• [Task]:
Transcribe every entry word for word, but skip the images.

• [Record extracts]:
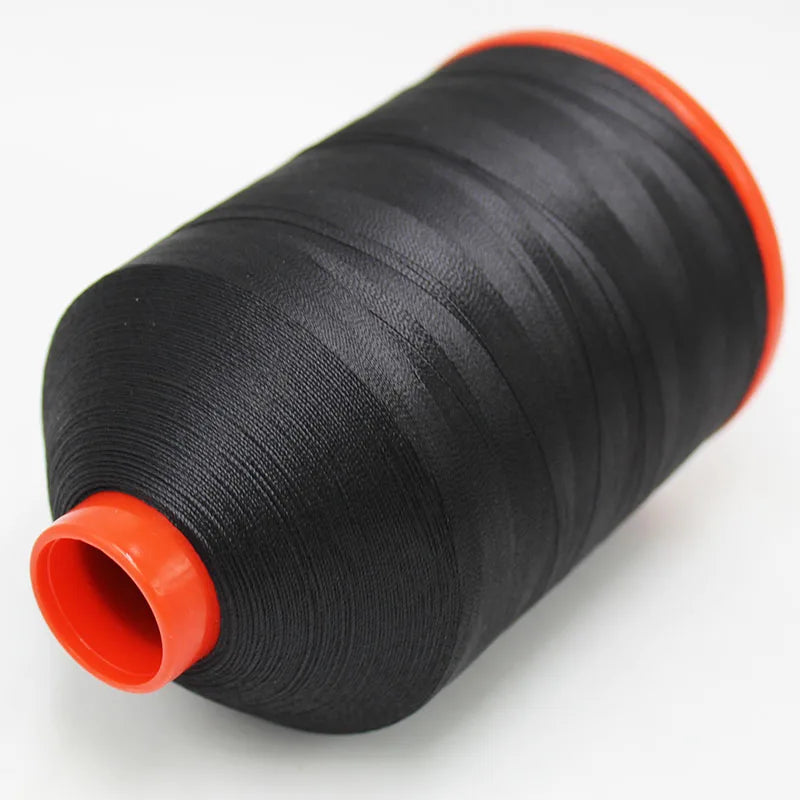 Large 500g 2-Strand Sewing Machine Thread 0.25mm Fine Leather Shoe Thread High-Strength Wear-Resistant for Knitting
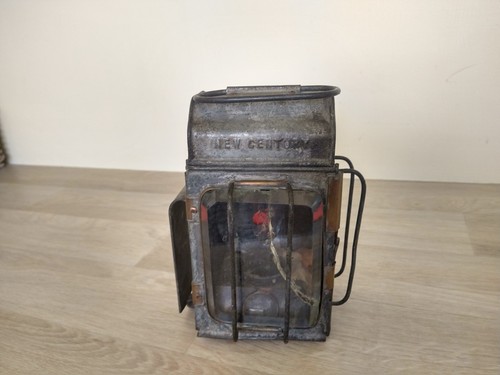 Lampada ferroviaria vintage - vintage,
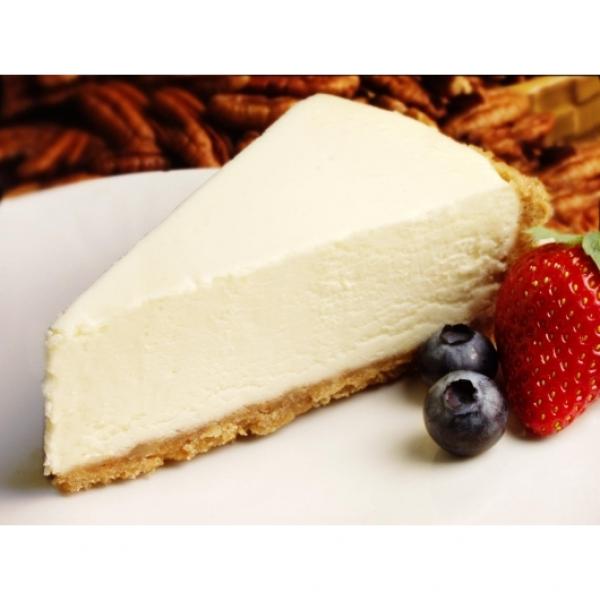 Tennessee Cheesecake Cheesecake Original 9" Cuts 4 Each - 1 Per Case.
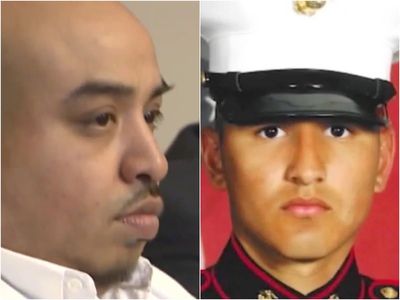 Bouncer accused of murder over stabbing death of US Marine in Boston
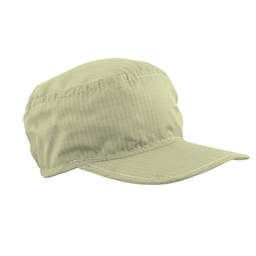 [ECO-7030AM] GORRA ANTIESTATICA ECOFRIENDLY CON VISERA COLOR AMARILLA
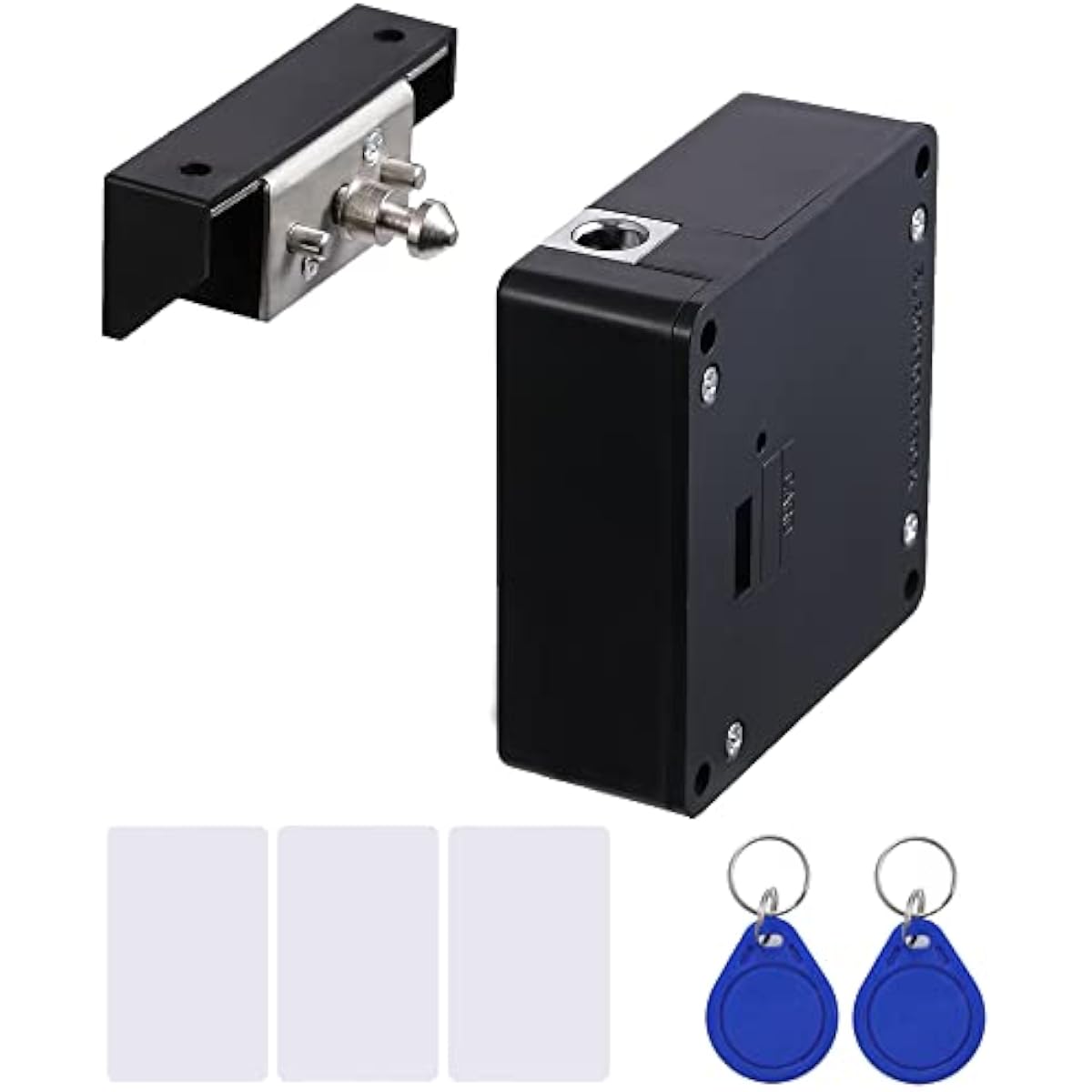 Diy Electronics Cabinet - RFID Kilitli Elektronik Dolap Kilidi USB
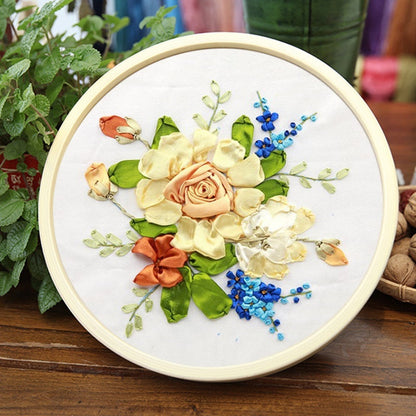 Three-dimensional Floral Embroidery Material Package-7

• [Answer box]:
 Large 500g 2-Strand Sewing Machine Thread 0.25mm Fine Leather Shoe Thread High-Strength Wear-Resistant for Knitting
 Lampada ferroviaria vintage - vintage,
 Tennessee Cheesecake Cheesecake Original 9" Cuts 4 Each - 1 Per Case.
 Bouncer accused of murder over stabbing death of US Marine in Boston
 [ECO-7030AM] GORRA ANTIESTATICA ECOFRIENDLY CON VISERA COLOR AMARILLA
 Diy Electronics Cabinet - RFID Kilitli Elektronik Dolap Kilidi USB
 Three-dimensional Floral Embroidery Material Package-7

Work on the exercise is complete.